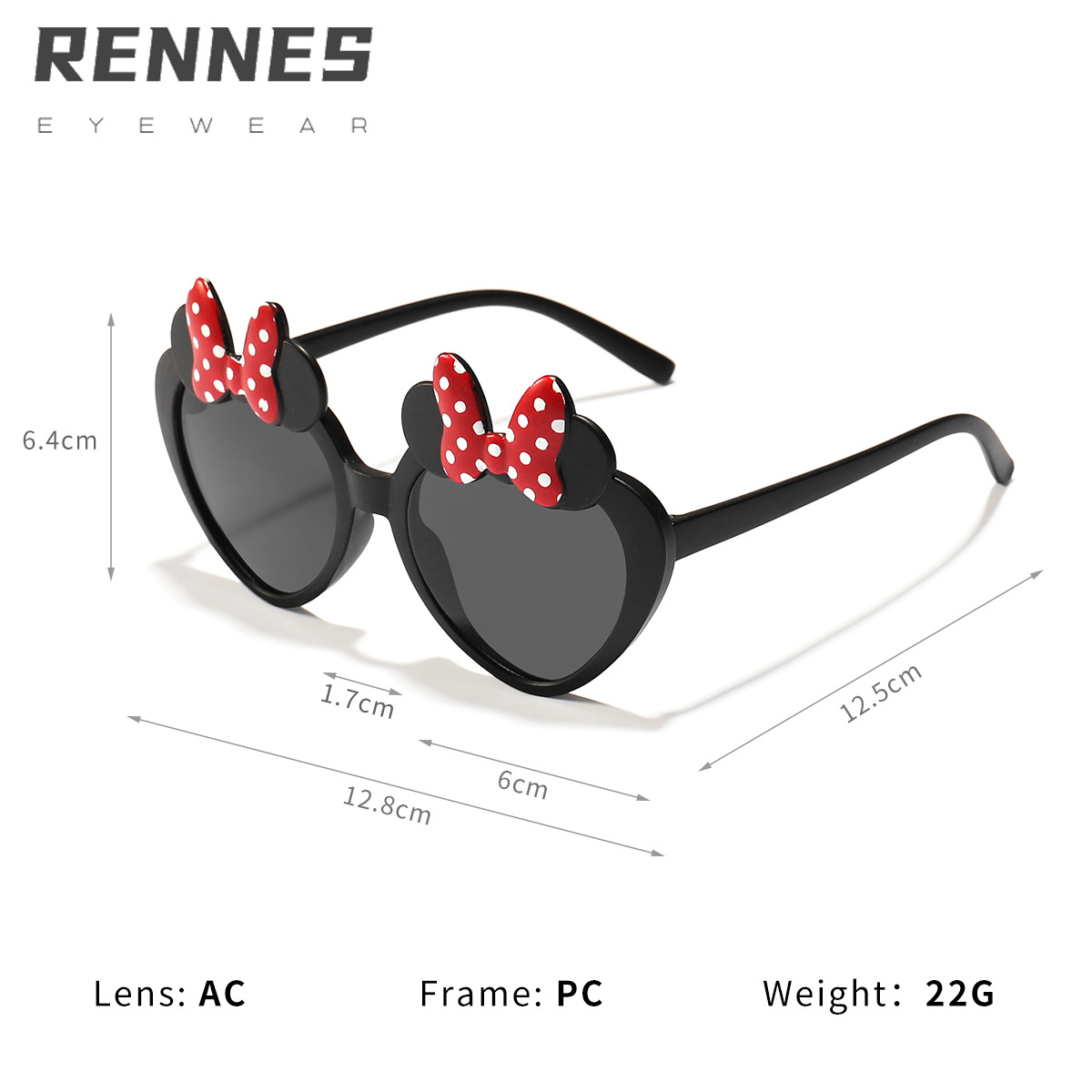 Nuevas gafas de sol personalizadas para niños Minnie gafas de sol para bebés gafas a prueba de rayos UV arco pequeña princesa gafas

******

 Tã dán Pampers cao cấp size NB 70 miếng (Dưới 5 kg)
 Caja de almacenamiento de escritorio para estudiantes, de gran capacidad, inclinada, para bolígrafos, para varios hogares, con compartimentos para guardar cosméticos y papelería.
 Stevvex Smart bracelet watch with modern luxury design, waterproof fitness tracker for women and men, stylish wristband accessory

******

__Work required__
Within the material above, copy exactly the lines from the line that holds "Tã dán Pampers" up to and including the line that holds "Stevvex Smart bracelet".

__Answer to the exercise__
 Tã dán Pampers cao cấp size NB 70 miếng (Dưới 5 kg)
 Caja de almacenamiento de escritorio para estudiantes, de gran capacidad, inclinada, para bolígrafos, para varios hogares, con compartimentos para guardar cosméticos y papelería.
 Stevvex Smart bracelet watch with modern luxury design, waterproof fitness tracker for women and men, stylish wristband accessory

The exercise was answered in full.